What you need to do:
Return the data below unchanged, without images.

---*---

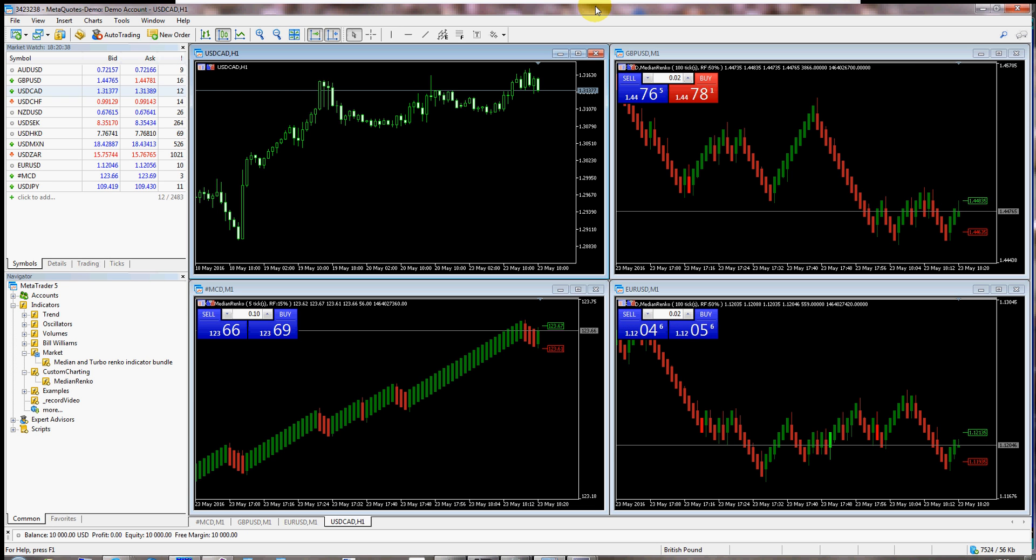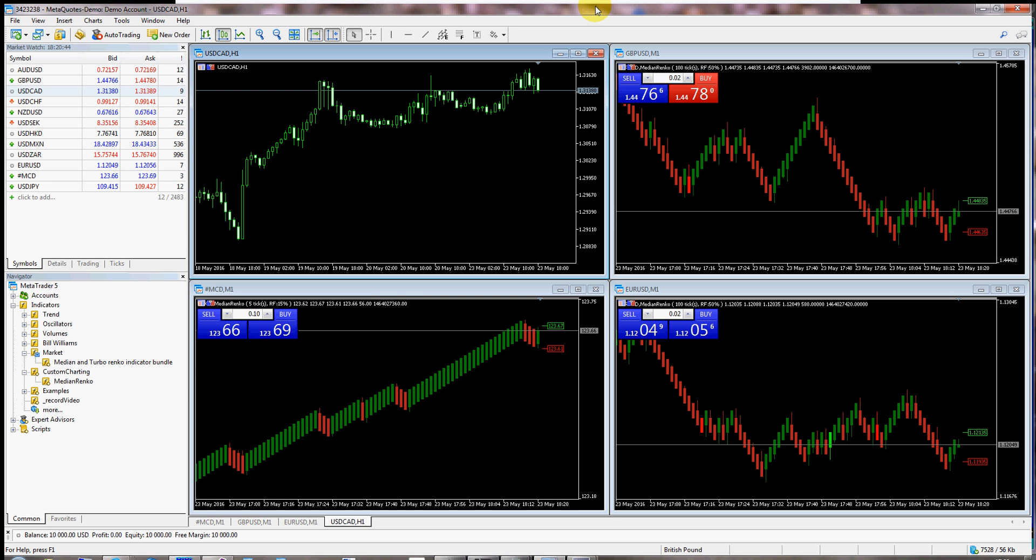All you need to do is grab the median Renko indicator from the MQL5 market and it will show up in your indicators under market as median and Turbo Renko indicator bundle.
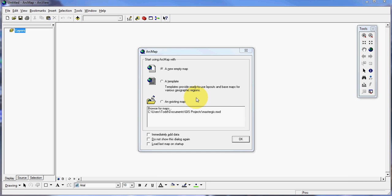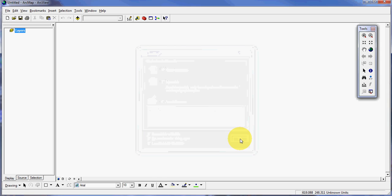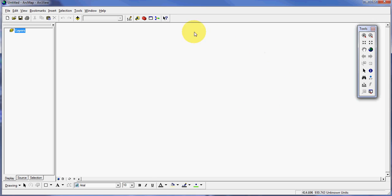I have started ArcMap and I want to create a new empty map. That is the default selection here. I'm just going to click OK and we're presented with a blank template. What we have here is our viewing area.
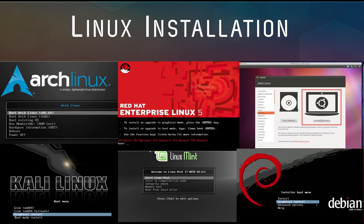Hey guys, welcome to XPS Tech. My name is Vineet and in today's video I'm going to talk about two most critical steps during a Linux installation in dual boot mode. Dual boot is a popular technique to install multiple operating systems on a single computer — for example, Windows on C drive and Linux on another partition, so you can boot to different operating systems at startup.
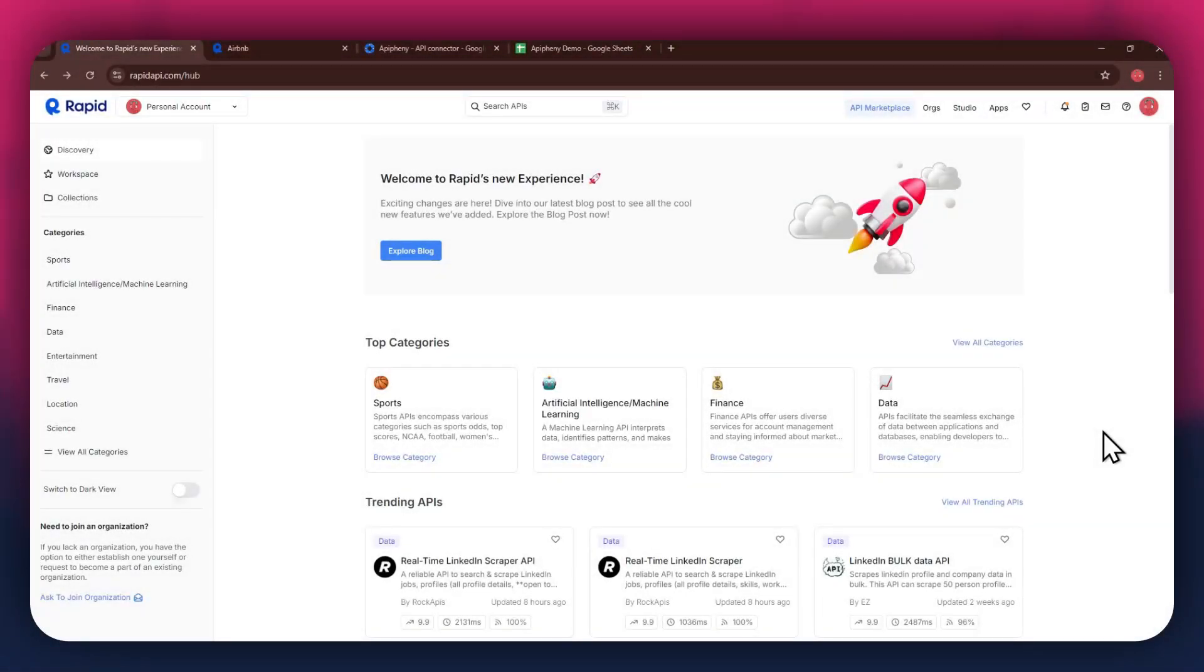Hi there, today I'm going to show you how to get Airbnb listing data into Google Sheets using a free API.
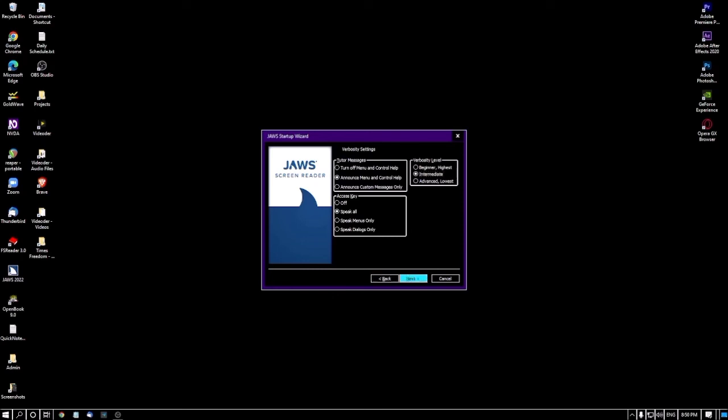Before moving on, I want to clarify one important thing: you must listen to the screen reader very carefully. The screen reader first announces the option name, then the action, and then the shortcut key if available. For example, it says 'Next button — to activate press Spacebar, Alt+N.' The first part is the option name, the second is what you need to do, and the third is the shortcut key.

---*---

Exercise result:
All you need to do is grab the median Renko indicator from the MQL5 market and it will show up in your indicators under market as median and Turbo Renko indicator bundle.
I have started ArcMap and I want to create a new empty map. That is the default selection here. I'm just going to click OK and we're presented with a blank template. What we have here is our viewing area.
Hey guys, welcome to XPS Tech. My name is Vineet and in today's video I'm going to talk about two most critical steps during a Linux installation in dual boot mode. Dual boot is a popular technique to install multiple operating systems on a single computer — for example, Windows on C drive and Linux on another partition, so you can boot to different operating systems at startup.
Hi there, today I'm going to show you how to get Airbnb listing data into Google Sheets using a free API.
Before moving on, I want to clarify one important thing: you must listen to the screen reader very carefully. The screen reader first announces the option name, then the action, and then the shortcut key if available. For example, it says 'Next button — to activate press Spacebar, Alt+N.' The first part is the option name, the second is what you need to do, and the third is the shortcut key.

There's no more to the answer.